The United Nations Convention to Combat Desertification (UNCCD), in a 2018 Global Land Outlook report, noted that a third of the earth’s land is severely degraded and fertile soil is being lost at the rate of 24 billion tonnes a year to the combined effects of pollution, deforestation, soil erosion over cultivation and heavy application of fertilisers, climate change and adverse weather conditions gradually outpacing the earth’s natural ability to produce efficiently.
To address this challenge, agronomists have advocated the implementation of alternative farming technologies to enhance agri-food output in quantities and qualities expected to outpace traditional farming systems, especially in many urban areas considered difficult or near impossible to cultivate crops.
One of the innovative farming systems recommended for adoption is Vertical Farming.

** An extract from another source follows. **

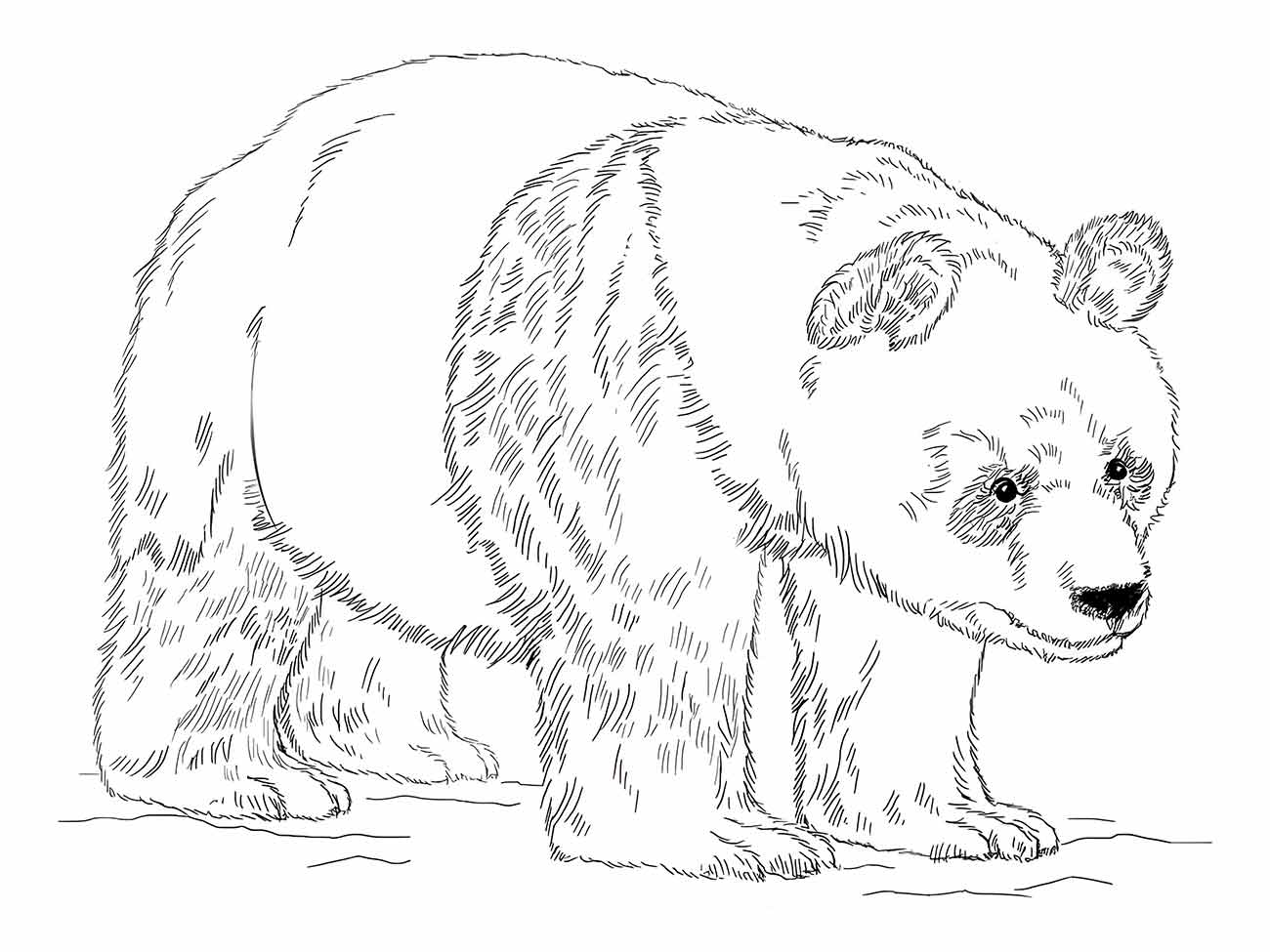 Desenho de urso panda para colorir e imprimir, capturando a essência de sua majestosa postura.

This food cultivation technique enables farmers to produce crops on vertically inclined surfaces or stacked layers commonly integrated into other structures such as a multi-storey building, shipping container or repurposed warehouse.
Considered the future of agriculture in urban environments, this method of farming uses Controlled Environment Agriculture (CEA) technology and other modern indoor farming techniques, such as rotating beds, to enable artificial control of temperature, light, humidity, and gases, thereby maximizing crop output in a limited space.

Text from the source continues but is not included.